Temperature records were broken across the continent on Sunday as the heat moved east. Germany recorded 41.7Celsius in Neißemünde, near the Polish border, its hottest-ever day for the third consecutive day.
The Czech Republic set its hottest day on record at 41.9C in Doksany, north of Prague, surpassing the previous record of 40.9C set on Saturday, the country’s meteorological institute said. Poland also broke its all-time temperature record with 40.5C in the town of Slubice, a spokeswoman for the Institute of Meteorology and Water Management told AFP.
A rapid attribution study by World Weather Attribution, published on Friday, found the record-breaking heat and humidity in Europe would have been virtually impossible just five decades ago, and is now 200 times more likely than it would have been 20 years ago.
Climate change was responsible for the extreme weather, Dr Tedros said, warning that the “once-in-a-generation” heatwave was now occurring nearly every year.
Authorities across the continent took emergency measures.
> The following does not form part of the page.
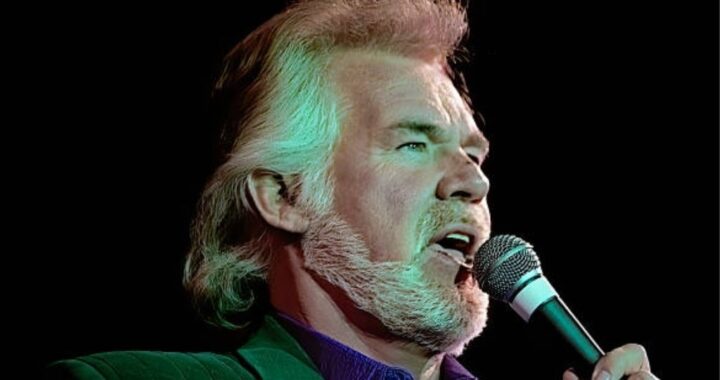 Kenny Rogers – The Gambler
In Paris, officials banned takeaway alcohol in public and cancelled the city’s pride march to ease pressure on emergency services. In the Netherlands, the Defqon.1 music festival was cancelled following an unprecedented code red warning. Berlin police used water cannons to cool crowds, and wildfires were sparked across Germany.
In the UK, the Met Office lifted its final extreme heat warning on Sunday after a historic week that saw the hottest June day record broken three times in succession. Temperatures peaked at 37.3C in Santon Downham, Suffolk, on Friday.
Rare red extreme heat warnings, which had only ever been issued once before, were in force across large parts of the country, thousands of schools closed, and critical incidents were declared at several NHS trusts. The UK Health Security Agency also lifted its heat health alerts on Sunday. Average June temperatures in the mid-to-low twenties are forecast for the coming week, with a high of 25C in London on Monday.
Dr Tedros called on European governments to implement heat health action plans focusing on preparedness, prevention and stronger health system responses.